JUL SOYBEAN OIL
We’d like to draw traders’ attention to last Mon’s 79.39 Globex day-session low detailed in the hourly chart below. Previously, we identified 25-Apr’s 78.00 corrective low as our short-term bull risk parameter. As a result of the nicely developing potential for a bearish divergence in DAILY momentum as a result of last week’s price concession, last Mon’s 79.39 low stands out as what would be an initial counter-trend low, the break below which would CONFIRM that bearish divergence in daily momentum and break the uptrend from at least 01-Apr’s 67.52 next larger-degree corrective low. The prospect that 28-Apr’s 86.69 high completed a textbook 5-wave Elliott sequence up from that 67.52 low is clear, but a failure below 79.39 is required to CONFIRM this count to the point of non-bullish action like long-covers and new bearish punts that could then use 28-Apr’s 86.69 high as an objective bear risk parameter.

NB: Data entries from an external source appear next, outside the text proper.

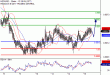 NZDUSD-15032017-LV-15.gif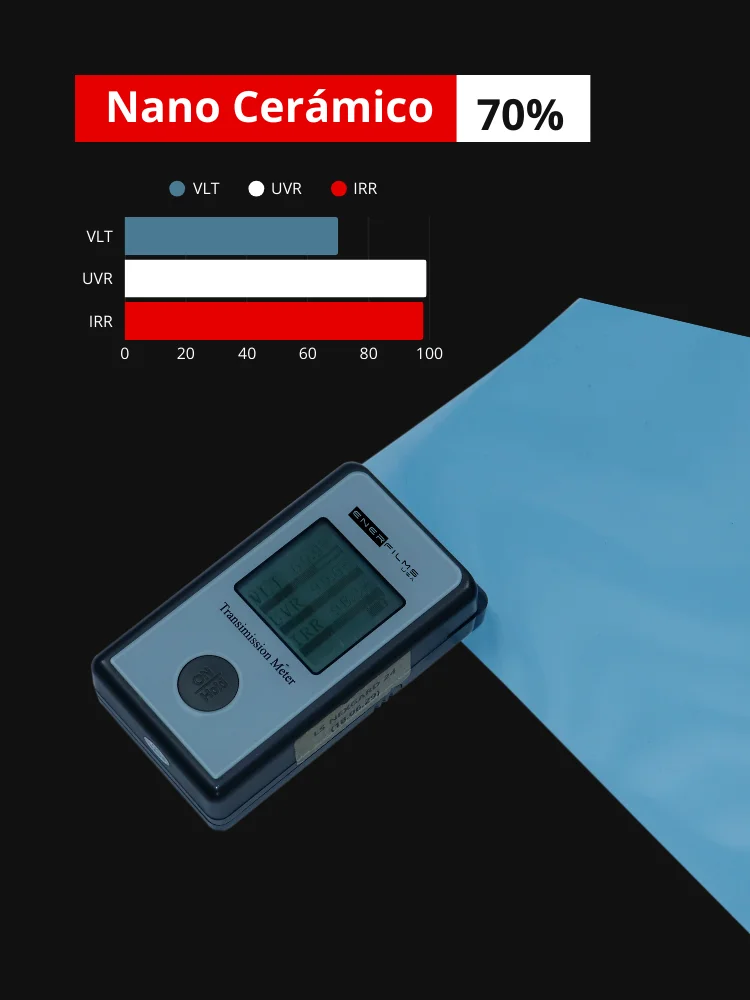 Polarizado Nano Cerámico 70% Ultra HD | Bloqueo UV 99% - Imagen 2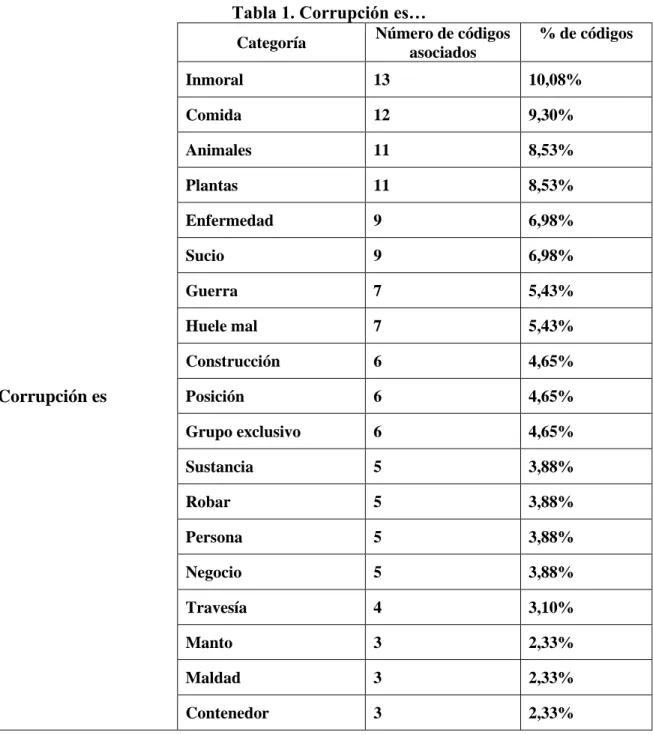 Tabla 1. Corrupción es… 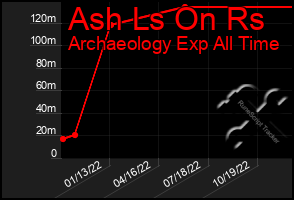 Total Graph of Ash Ls On Rs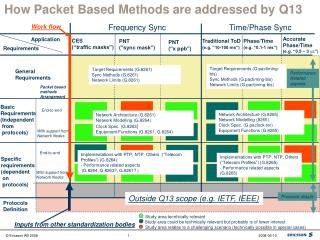How Packet Based Methods are addressed by Q13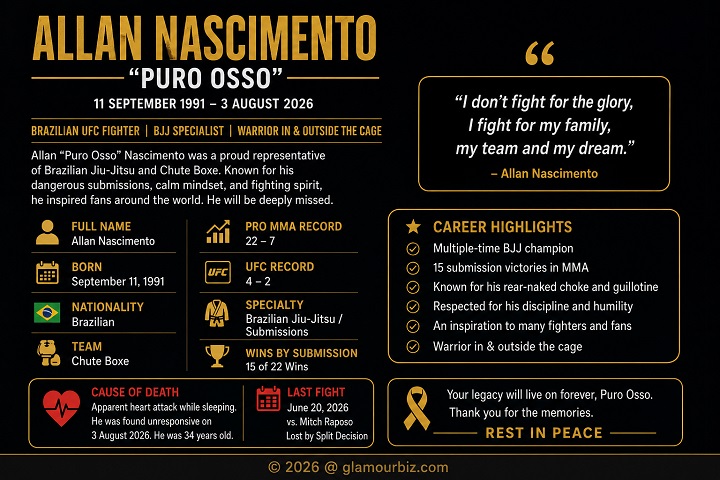 UFC flyweight fighter Allan Nascimento, known as Puro Osso, died at age 34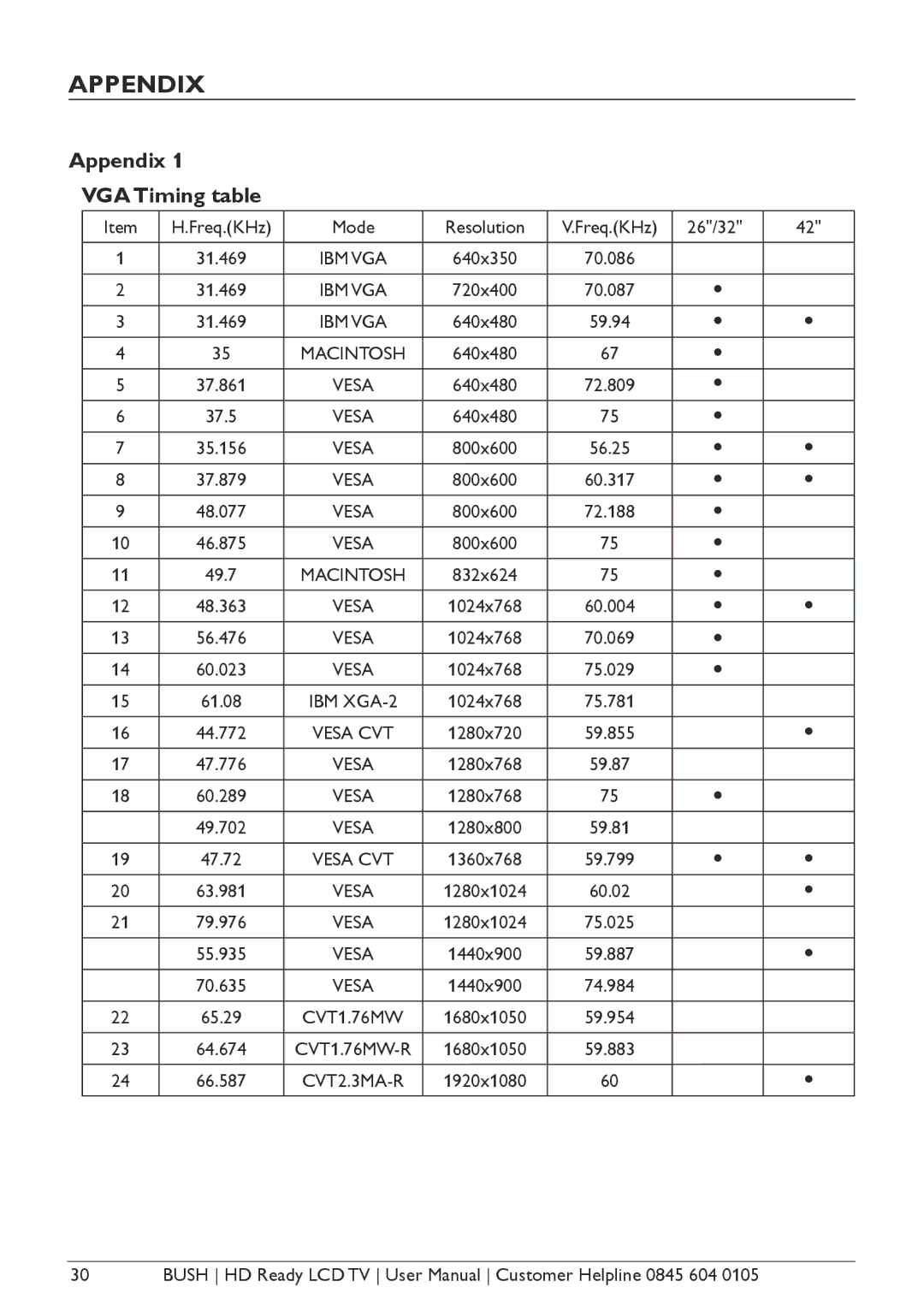 Bush Aseries, A632N, A626N, A642N instruction manual Appendix VGA Timing table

The daily log chart above shows the POTENTIAL for a bearish divergence in momentum that requires proof of weakness below either a prior corrective low or an initial counter-trend low. Per above, last Mon’s 79.39 low would constitute an initial counter-trend low, if broken. And while 7939 is a smaller-degree risk parameter, its importance cannot be emphasized enough given the extent and uninterrupted nature of Apr’s rally that left nothing in the way of former battlegrounds that can now be looked to as a support candidate shy of early-Mar’s lower-75-handle-area resistance-turned-support. And given the magnitude of the secular bull market, commensurately larger-degree weakness below 01-Apr’s 67.52 larger-degree corrective low remains arguably required to break even the portion of the secular bull trend from 15Dec21’s 67.52 low, let alone threaten the TWO-YEAR secular bull from Apr’20’s 28.23 low.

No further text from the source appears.